Cette expérimentation se déroulera dans six territoires, et devra ensuite faire l’objet d’un rapport d’évaluation auprès du Parlement au plus tard trois mois après son terme pour une éventuelle généralisation. Enfin, sur l’organisation de la permanence des soins, « les médecins, les chirurgiens- dentistes, les sages-femmes et les infirmiers diplômés d’État [en] sont responsables collectivement », note le PLFSS. Les professionnels libéraux ont donc « vocation à concourir à la mission de service public de permanence des soins ». Les conditions de rémunération, elles, seront « fixées par décret ».
• Le texte table sur un déficit de 6,8 milliards d’euros en 2023, soit une nette amélioration par rapport à 2022 (18,9 milliards selon le prévisionnel).
• L’objectif national des dépenses d’assurance maladie (ONDAM) est fixé à 244 milliards d’euros, soit une progression de 3,7%, hors dépenses liées au Covid.
• 30 milliards d’euros seront consacrés à la branche autonomie.
Un pas vers l’accès direct
S’il y a une évolution que les infirmiers attendent, c’est bien l’accès direct, qui permettrait aux patients d’entrer dans un parcours de soin en consultant d’autres professionnels de santé que les médecins. Une urgence, dans des territoires où la démographie médicale rend l’accès aux soins de qualité de plus en plus difficile. Pour les infirmiers en pratique avancée, cette possibilité pourrait bientôt se concrétiser. « Pour une durée de trois ans et à titre expérimental, l’État peut autoriser les infirmiers en pratique avancée à prendre en charge directement les patients dans le cadre des structures d’exercice coordonné », déclare en effet l’Article 40. Il ajoute que cette prise en charge doit s’accompagner d’un compte-rendu des soins réalisés par l’IPA adressé au médecin traitant et ajouté au dossier médical partagé de chaque patient. Trois territoires seront identifiés pour la mise en œuvre de cette expérimentation, et ses modalités seront définies par décret après avis de la HAS. Là encore, le gouvernement aura à présenter un rapport d’évaluation au Parlement, au plus tard 6 mois avant son terme. À noter cependant que les IPA sont toujours en attente de la mise en œuvre de l’expérimentation de la primo-prescription, validée dans le PLFSS 2022 et prévue pour 2023.

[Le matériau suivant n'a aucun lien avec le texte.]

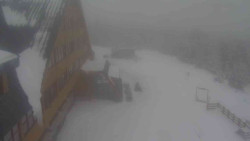 Parkoviště a hlavní vchod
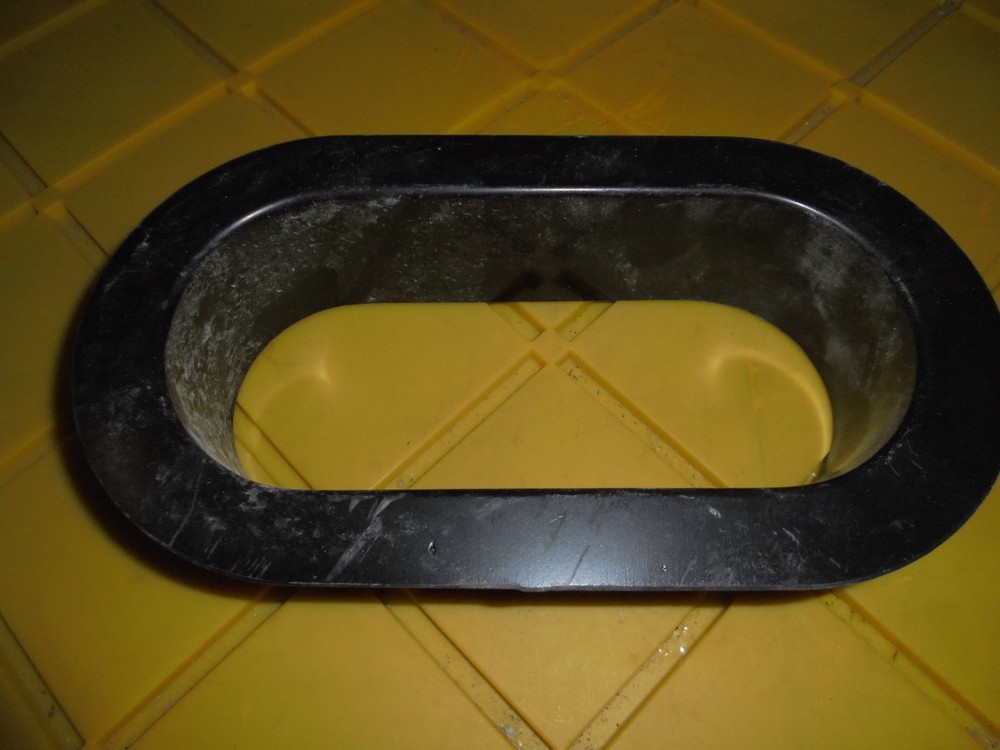 DOMETIC AC DUCT TRANSITION RING 4.75" L X 2" INSERT OBLONG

Le texte mentionne l’instauration « d’un ratio minimal d’encadrement des résidents par le personnel soignant d’au moins six professionnels pour dix résidents ».
Prévention, grand âge et accès aux soins
Plus largement, le texte entérine également le principe des consultations gratuites aux trois âges clés de la vie, voulues par le gouvernement dans une logique de renforcement de la politique de prévention. Elles pourront donner lieu « à des consultations de prévention et à des séances d’information, d’éducation pour la santé, de promotion de la santé et de prévention » et devront être adaptées aux besoins de chaque patient, précise-t-il. Toujours pour lutter contre les inégalités sociales, la contraception devient gratuite pour toutes les femmes, sans prescription médicale.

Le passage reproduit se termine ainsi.